Many years later, he now sees semitrailers of quinoa going out of the valley. He sat down with Paul New, whose father, Ernie, first brought quinoa to the San Luis Valley in the late 1980s, in his White Mountain office one day. New pulled out a quinoa vodka from France. “We poured it in dirty coffee cups, and it was, at that point: ‘This we must do.’”

Chambers has a family history in Colorado wine and spirits that traces back more than a century. He said his great-grandfather had the first wine and liquor license in Colorado after Prohibition ended, in 1933, and prior to that the family had set up shop in Denver in 1903 to sell their wine and distribute spirits.

I think our grain and our grain supply chain is awesome here.
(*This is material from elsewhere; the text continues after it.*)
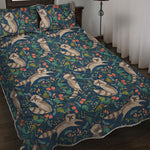 Cartoon Raccoon Pattern Print Quilt Bed Set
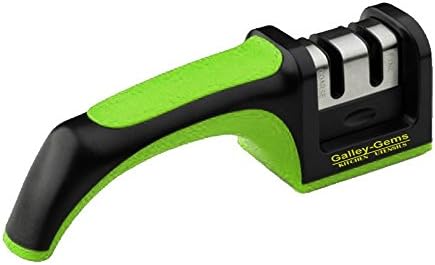 Galley Gems- Knife Sharpener Red Green or Grey| Two Stage Knife Sharpener | Professional Kitchen Knife Sharpening System (Green)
— Brad Christensen, Routt Distillery owner

But he’s “really from the soil.” Chambers is well tied into the local food vein and already very familiar with the Colorado Grain Chain. He has a store in the gym that sells local food, and a revived family wine brand, Carbone Wine, that is produced in Palisade. The distillery was opened as an extension of that embrace of local ingredients. He focused first on dialing in his potato vodka, and will eventually expand that to multiple vodkas and gins.
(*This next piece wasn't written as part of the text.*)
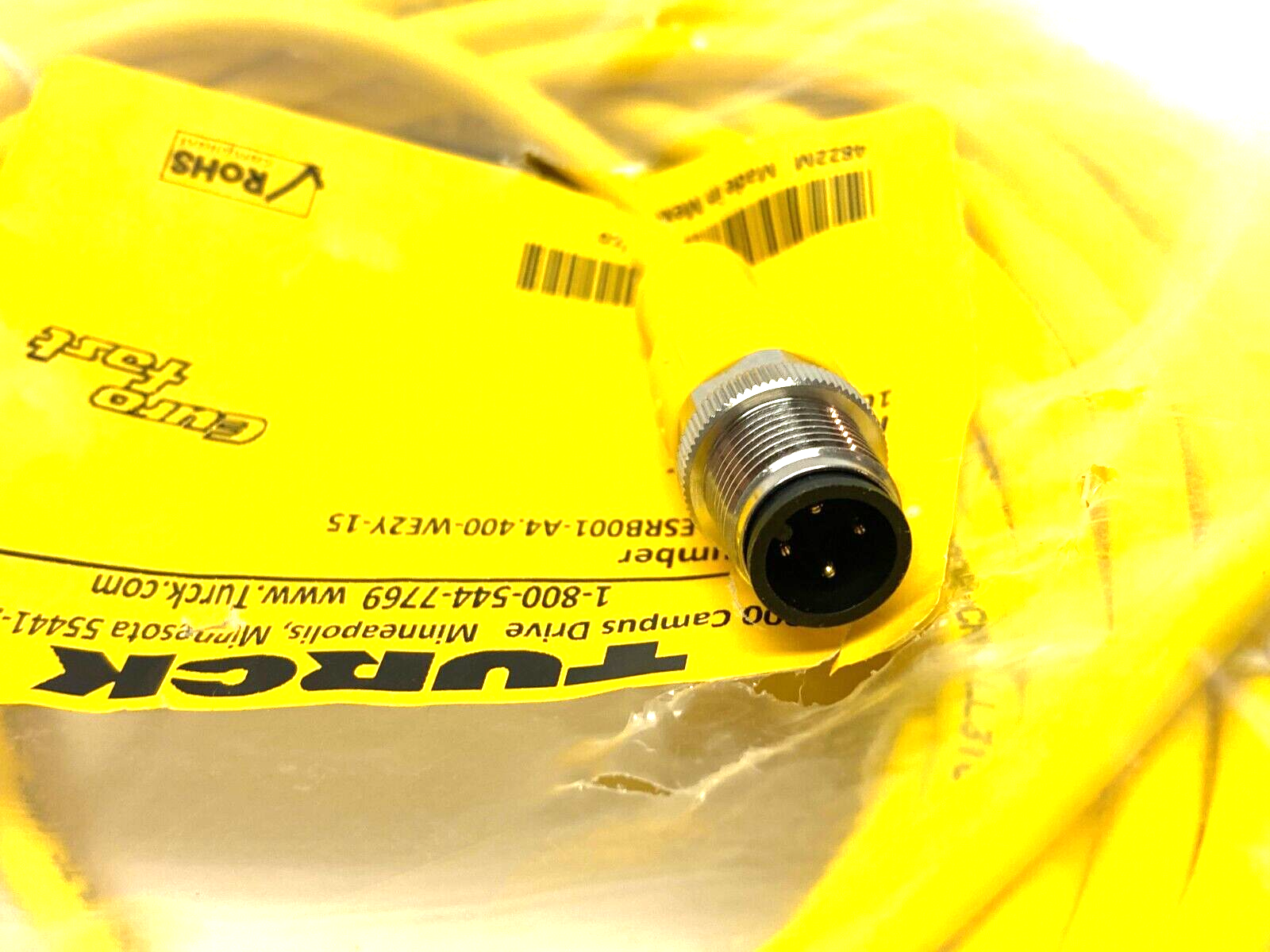 Turck EKRB001-ESRB001-A4.400-WE2Y-15 Eurofast Double Ended M12 Cordset 100034659 - Maverick Industrial Sales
“Given what our feedstocks are, we want to showcase potatoes. I’m doing a russet as our flagship, but I want to do a purple, and a fingerling,” he said. “Quinoa would be our standby, always available, we’ll just continue to optimize it, get the process better and better.”
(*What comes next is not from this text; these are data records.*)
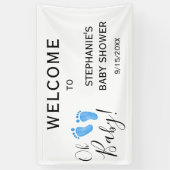 Oh Baby Boy's Baby shower Welkom Spandoek (Verticaal)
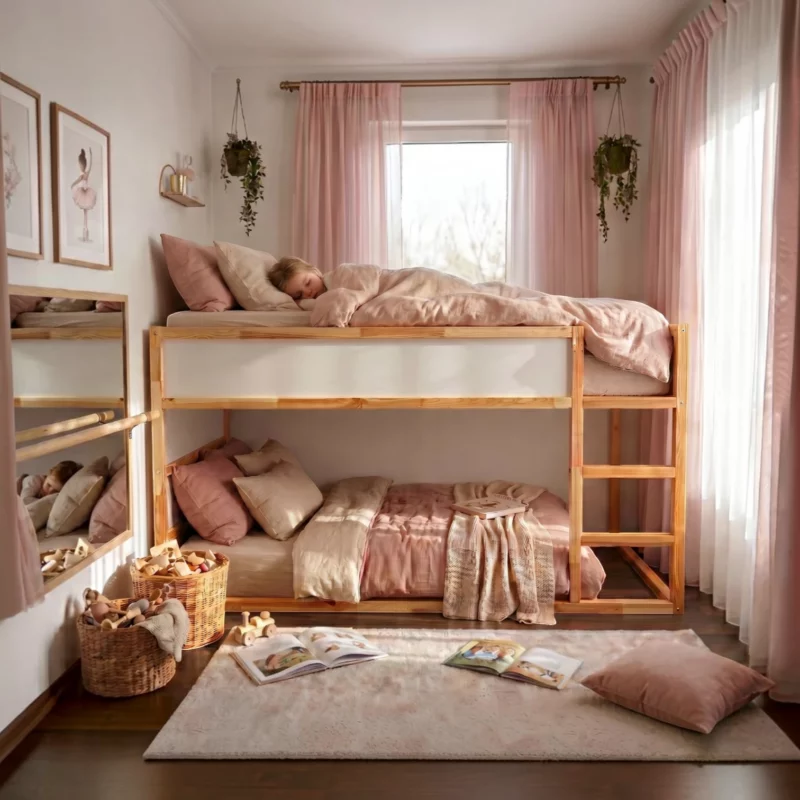 IKEA KURA Bett Obere Absturzsicherung RONA 165 mit runden Holzsprossen - vocher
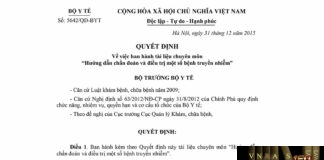 Hm88 link đăng nhập số 5642/QĐ-BYT ngày 31/12/2015 của Hm88 Chính Thức Đăng ký, Tải App tặng 88k về việc ban hành tài liệu chuyên môn “Hướng dẫn chẩn đoán và điều trị một số bệnh truyền nhiễm"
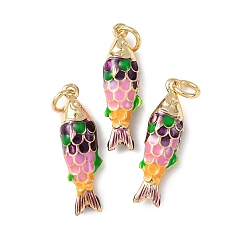Разноцветный Латунь эмаль подвески, рыбы прелести, без кадмия и без свинца, стойки покрытие, долговечный, с целью перехода в кольце, реальный 18 k позолоченный, красочный, 22.5x6.5x5 мм, отверстие : 3 мм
He’s using the Grain Chain grant to work through a series of lab-scale quinoa maltings to dial in starch conversion, then scaling up the malting and producing a 35-gallon batch, and finally scaling up to a 395-gallon mash for a final run in an 80-gallon spirit distillation. “It’ll be foundational,” he said, describing a product line that relies on quinoa vodka for fruit infusions and an “apothecary line.”

“By next summer we’ll have this baby bottled up and ready to go,” he said.

The copper still at Dune Valley Distillery stands out against a mural of sandhill cranes in flight painted on the ceiling. (Handout)

He’s using local quinoa varieties that don’t have a fancy name. “It’s probably something scientific like A1234,” he said. Multiple varieties and blends are going into the trials, whatever White Mountain has some excess of. A lot of it is a blend named casually “McCamant Special Blend,” after University of Denver professor John McCamant, who first helped to bring quinoa to Colorado.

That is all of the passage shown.